*INPUT DATA*:
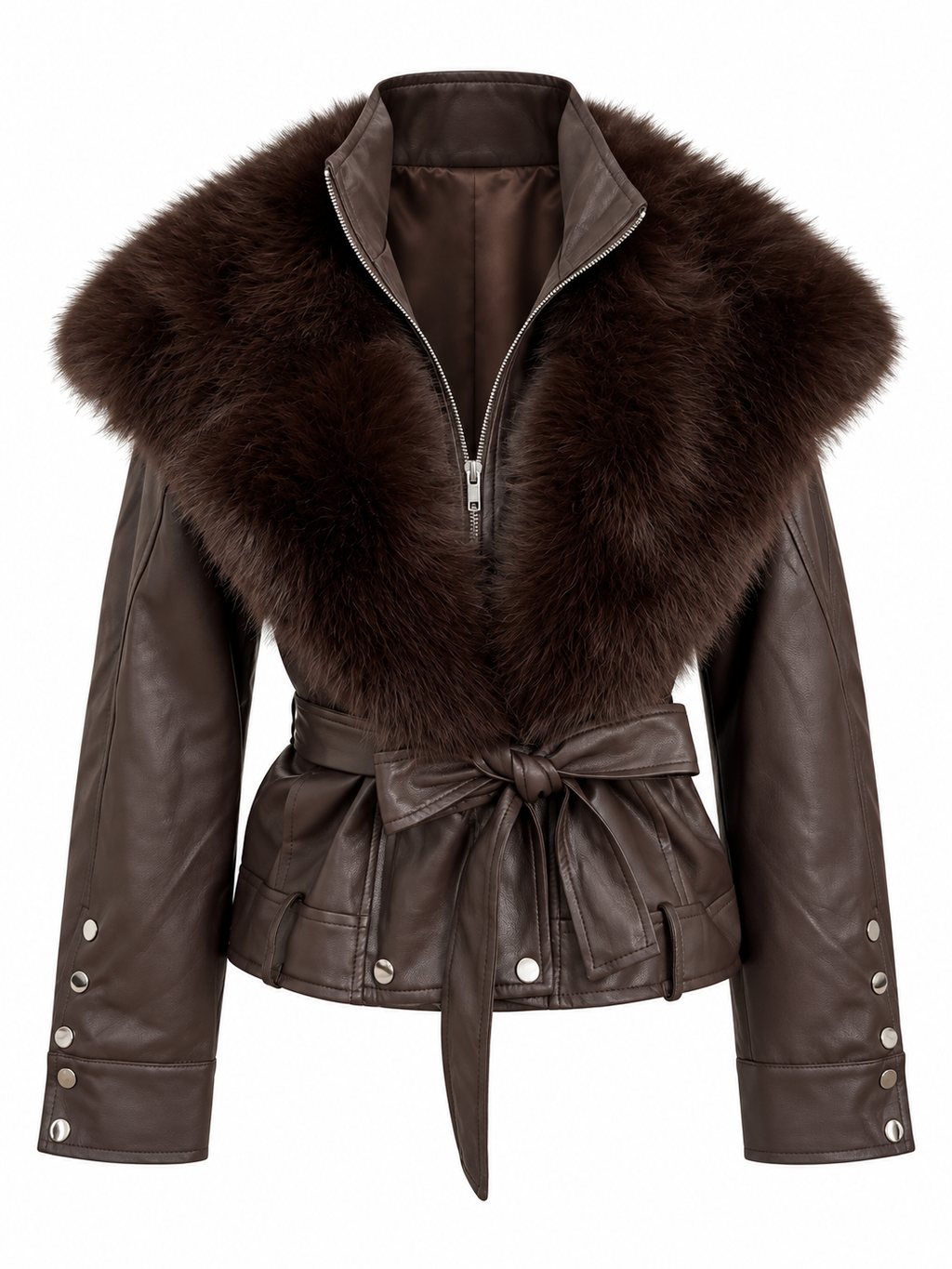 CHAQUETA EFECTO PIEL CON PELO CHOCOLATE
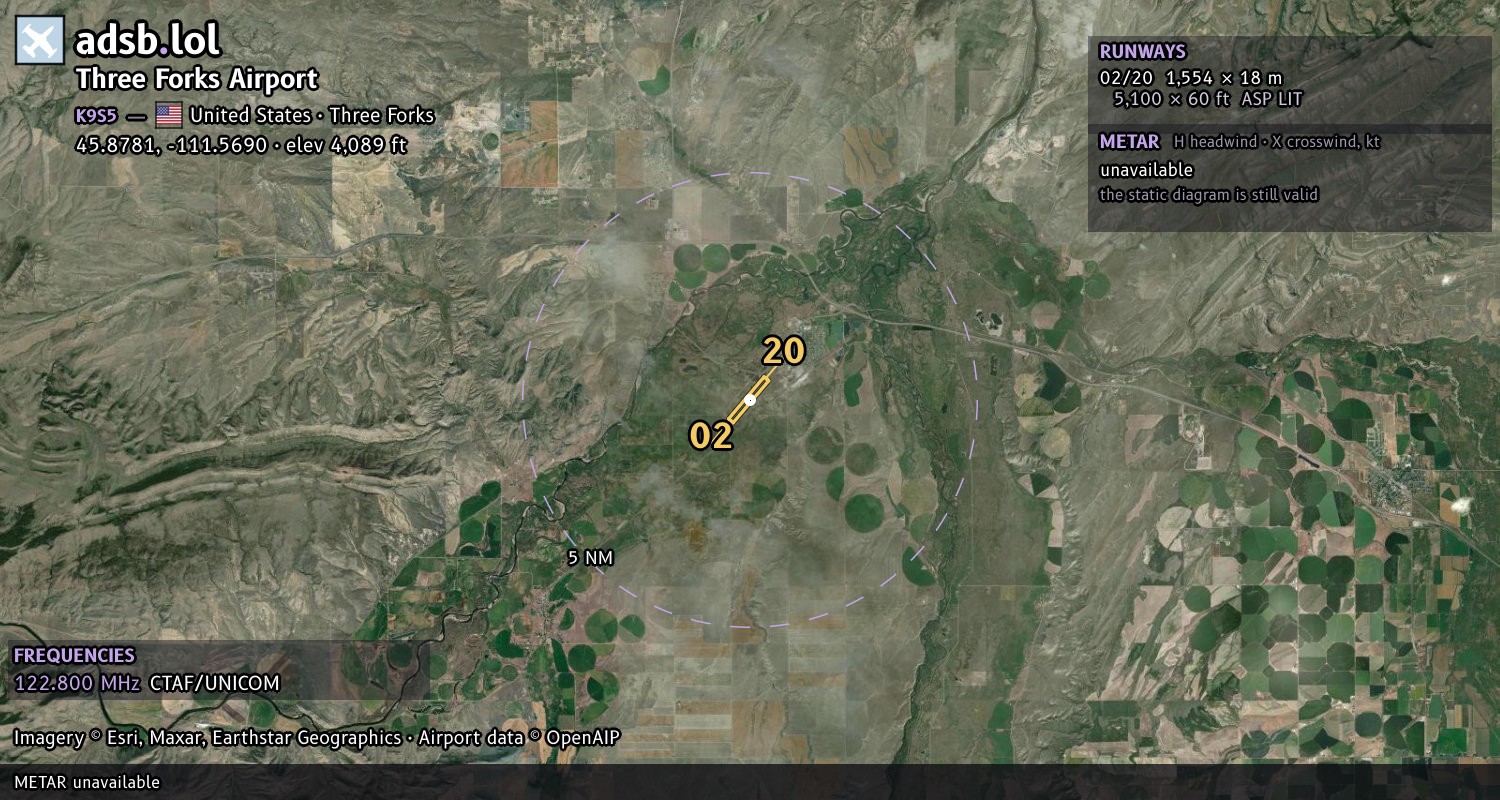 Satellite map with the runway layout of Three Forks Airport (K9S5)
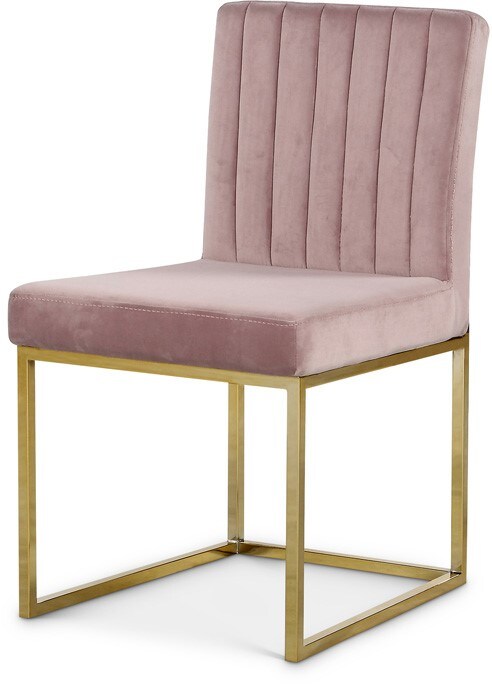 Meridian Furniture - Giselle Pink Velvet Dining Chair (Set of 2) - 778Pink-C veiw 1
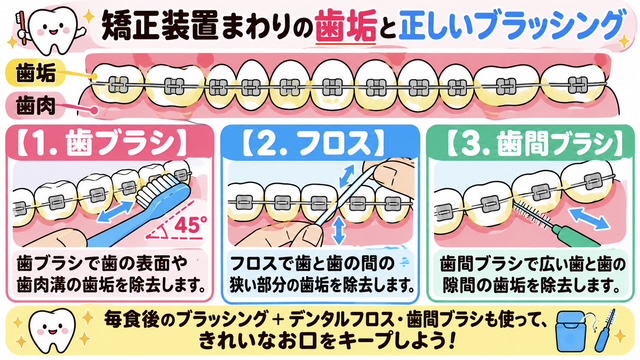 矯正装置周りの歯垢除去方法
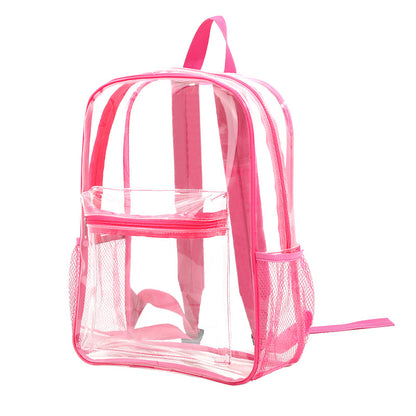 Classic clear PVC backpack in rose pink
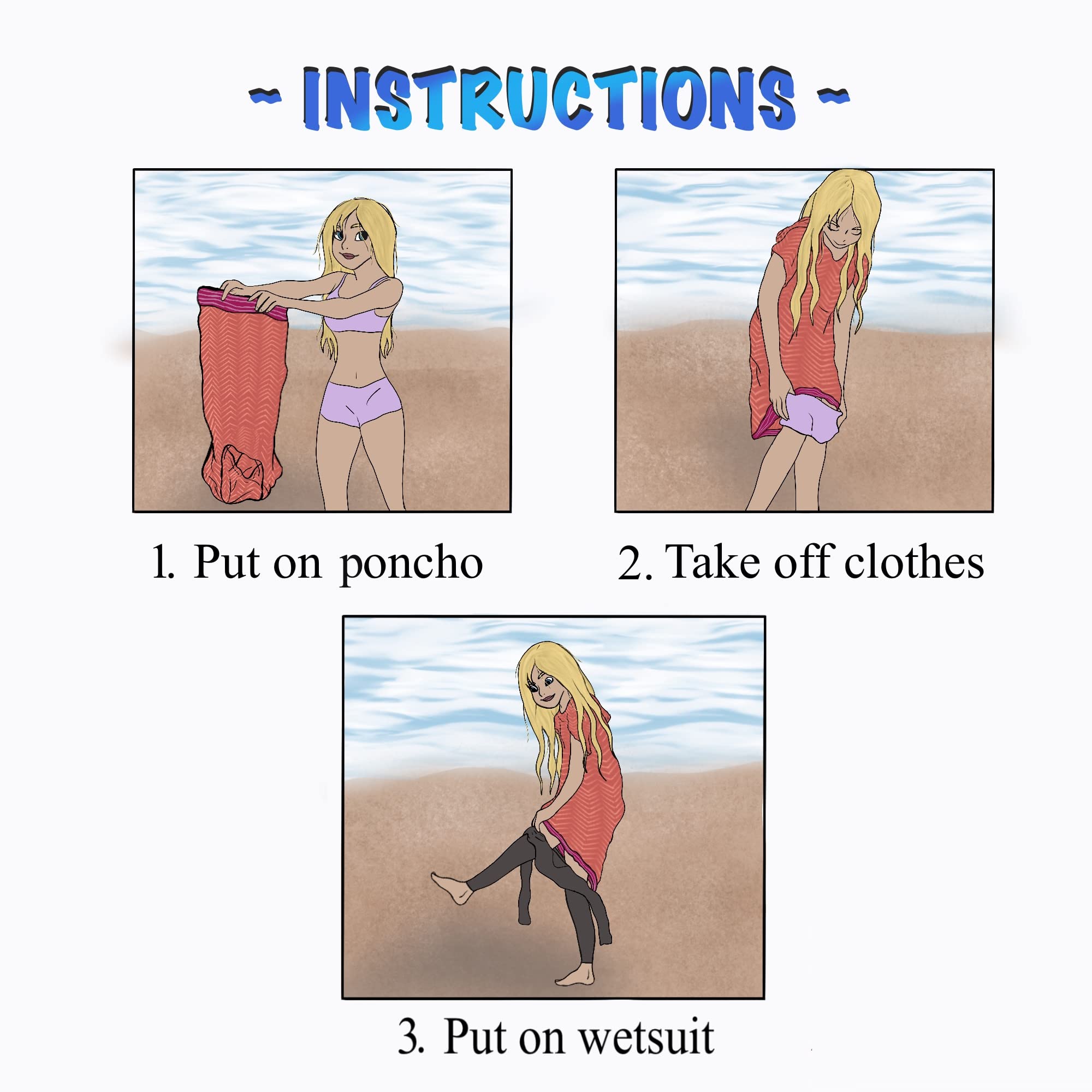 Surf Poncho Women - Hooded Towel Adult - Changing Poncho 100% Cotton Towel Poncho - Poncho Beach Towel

==

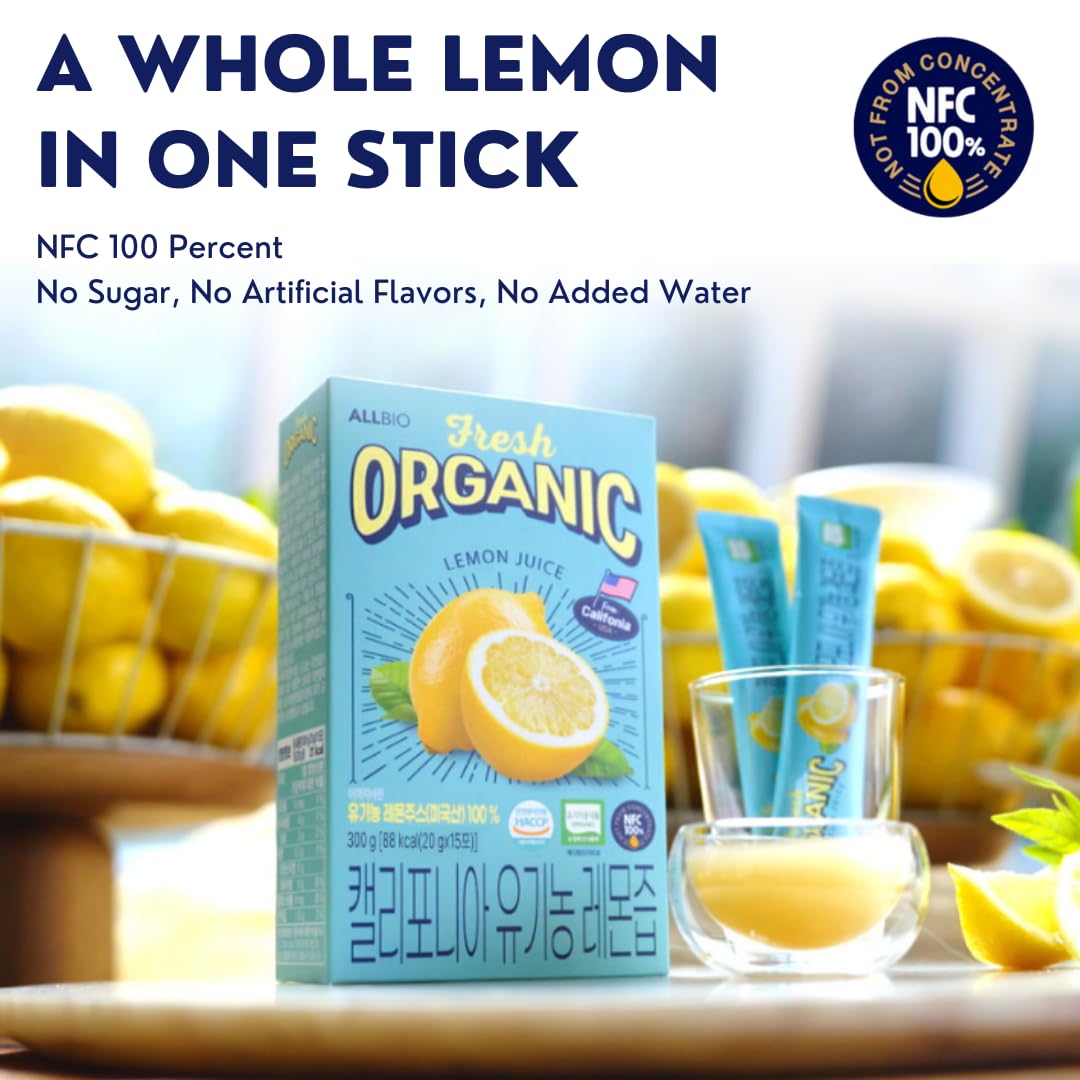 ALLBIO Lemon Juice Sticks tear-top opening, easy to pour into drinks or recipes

*ASSIGNED TASK*: What you need to produce is an exact copy of the entries above, limited to the lines from the one with "CHAQUETA EFECTO PIEL CON PELO CHOCOLATE" up to and including the one with "Classic clear PVC backpack in rose pink", without pictures.

*TASK SOLUTION*:
 CHAQUETA EFECTO PIEL CON PELO CHOCOLATE
 Satellite map with the runway layout of Three Forks Airport (K9S5)
 Meridian Furniture - Giselle Pink Velvet Dining Chair (Set of 2) - 778Pink-C veiw 1
 矯正装置周りの歯垢除去方法
 Classic clear PVC backpack in rose pink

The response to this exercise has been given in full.